Sécase la hierba, marchítase la flor; más la palabra del Dios nuestro permanece para siempre.” Isaías 40:8 RVR1960
Queridos amigos, en el mundo existe el dicho «no hay mal que dure cien años», con él se quiere expresar que todo pasa, especialmente lo malo.
No hay nada que permanezca sin cambio, el mundo cambia, las culturas nacen y perecen una detrás de otra y lo que al hombre le parece inmutable finalmente cambia.
Hay ricos y poderosos que piensan que pueden conquistar el mundo y que en un santiamén lo pierden todo por un giro en las bolsas de valores.
Nada está asegurado en esta vida, es otro famoso dicho, que expresa con toda claridad lo perecedero y lo incierto del mundo para el ser humano.
Si bien los avances de la ciencia son extraordinarios todos nos seguimos muriendo, la comida también se pudre en el refrigerador, es necesario hacer arreglos continuos en cualquier edificación y lo más llamativo es ver cómo el dinero desaparece como por arte de magia de nuestras cuentas bancarias.
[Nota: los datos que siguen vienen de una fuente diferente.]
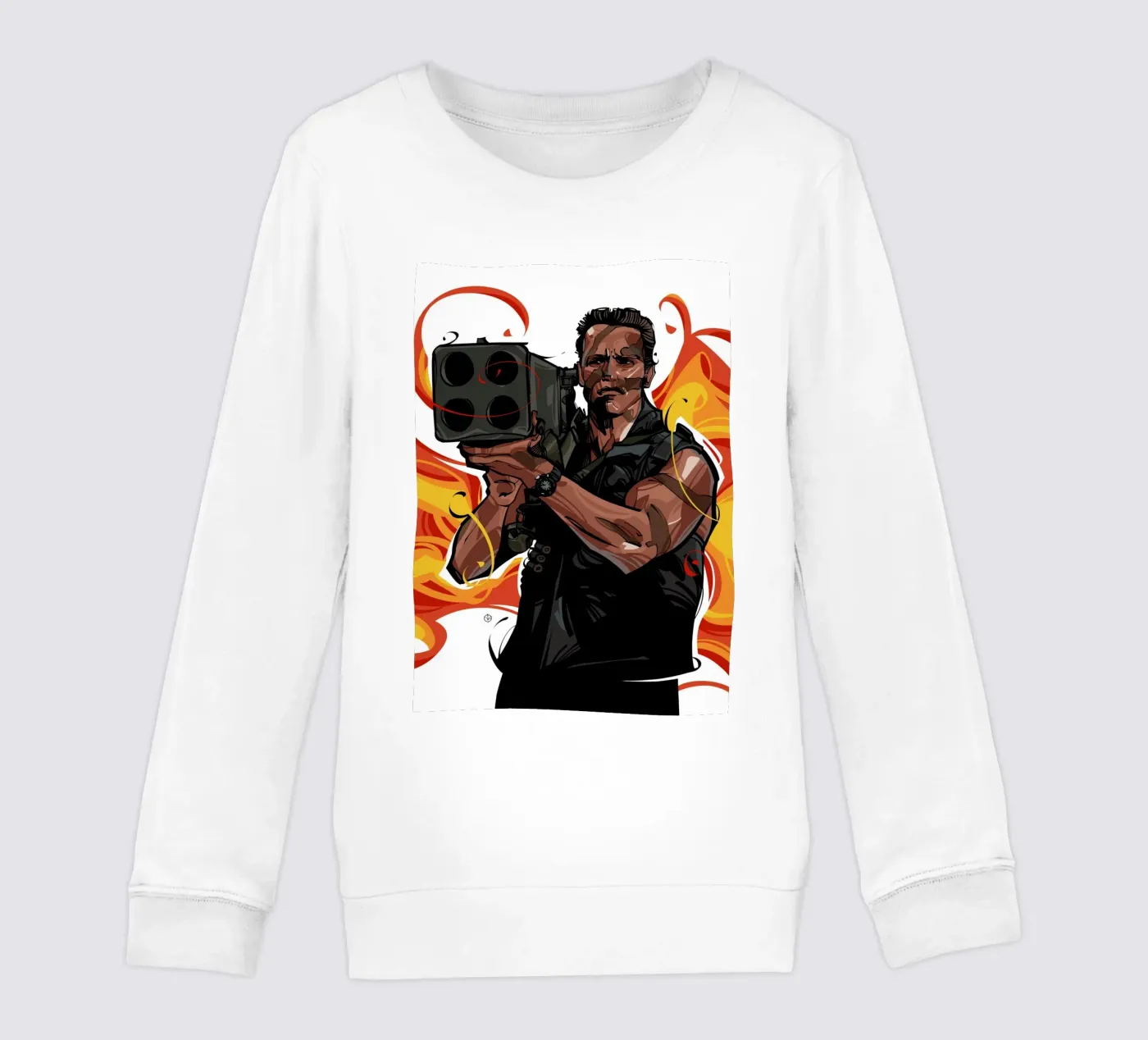 Commando kinder sweatshirt van nabakumov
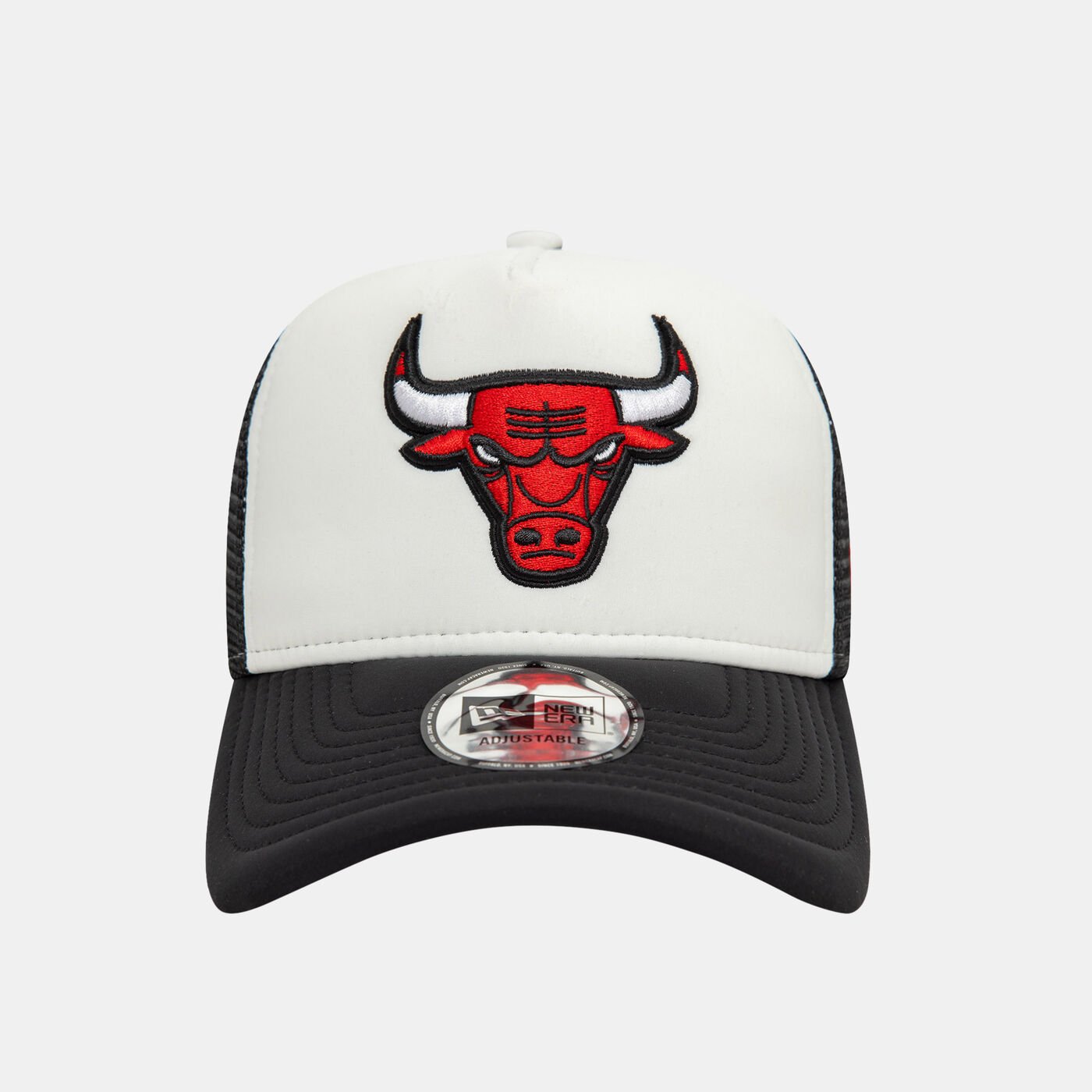 Men's NBA Chicago Bulls Flower 9FORTY Trucker Cap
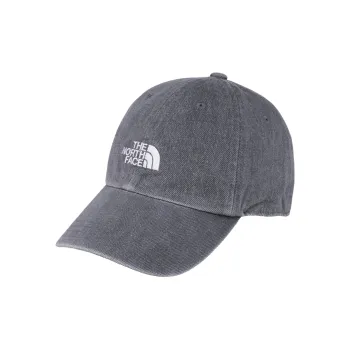 THE NORTH FACE Polyester Baseball Caps Unisex Gray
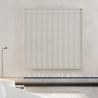 Buy Decorative Electric Fireplace with Water Vapor Flame - 140 cm Black 61525 with a guarantee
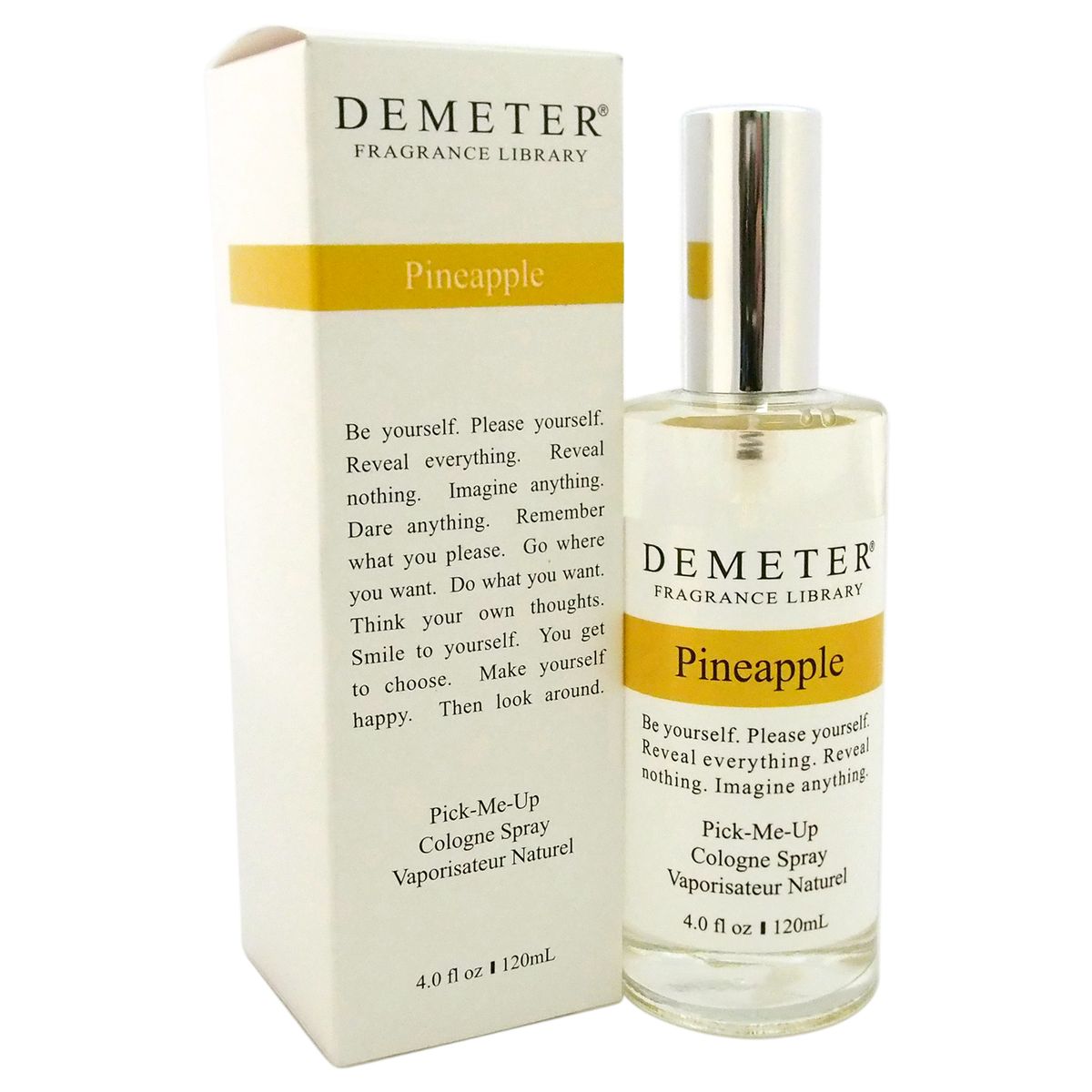 DEMETER - Demeter Pineapple Cologne Spray Women 118ml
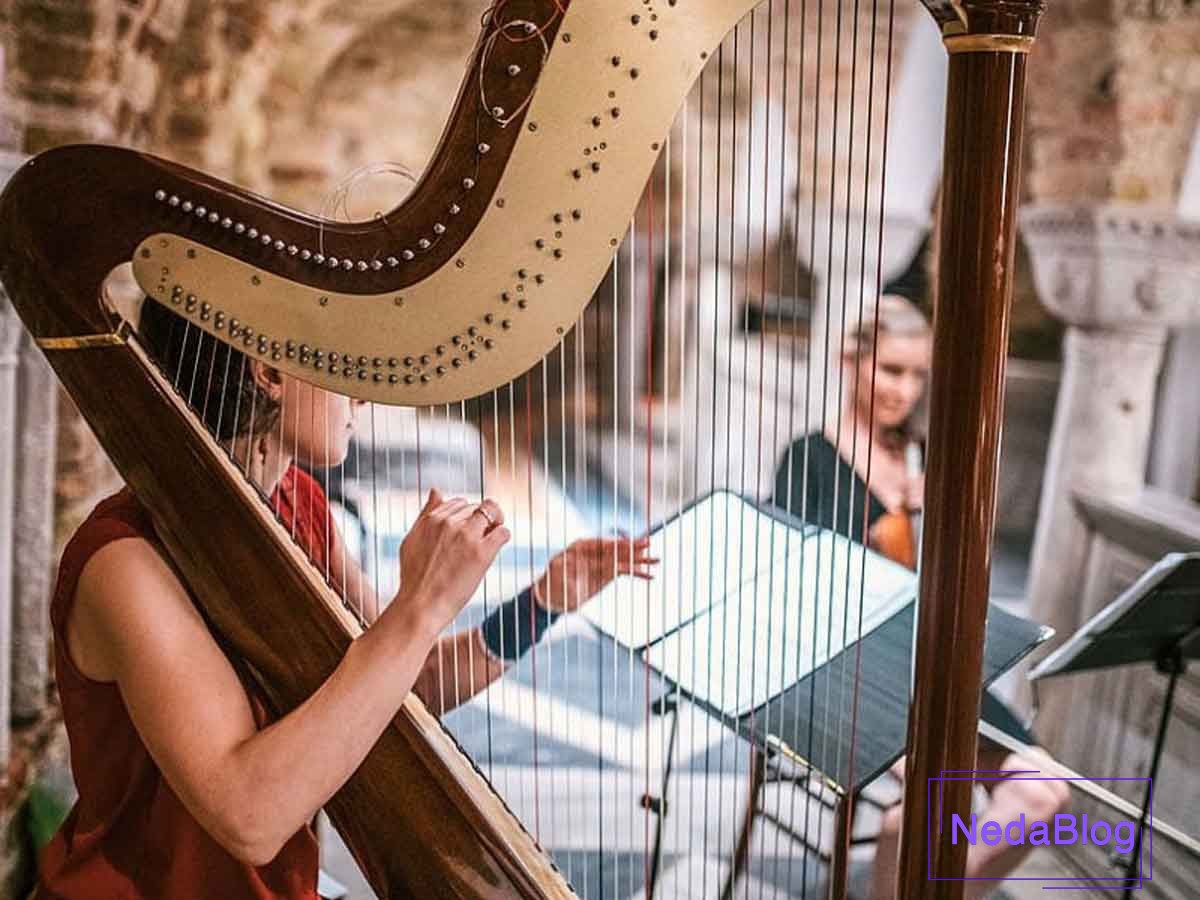 تغییر شکل ساز چنگ در طول تاریخ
A pesar de que todo cambia y nada es seguro el hombre natural continúa aferrándose a lo material, a lo que por un tiempo fascina y posiblemente satisface, e incluso llega a dar la sensación de un relativo contentamiento, porque no es posible hablar de verdadera felicidad.
Se valora lo físico, lo terrenal, todo lo mundano.
Quizás se piensa de pasada en lo divino, en lo celestial, sin embargo, al no ser próximo y tangible solo queda en un destello del pensamiento o como mucho en actos religiosos, para continuar con la rutina.
Las Escrituras afirman que la Palabra de Dios no pasa, es eterna, el resultado es que lo que hagamos y sea visto a la luz de la Palabra, sea bueno o malo, tendrá un final eterno, nunca pasará.
En la medida en que seamos obedientes a esta Palabra divina y vivamos esta vida acorde a cómo nos indica que actuemos, tendremos la eternidad para gozar de la presencia de Dios. Para lograr tan preciado objetivo es preciso primero arrepentirse y convertirse.
Dios le bendiga con su maravillosa gracia.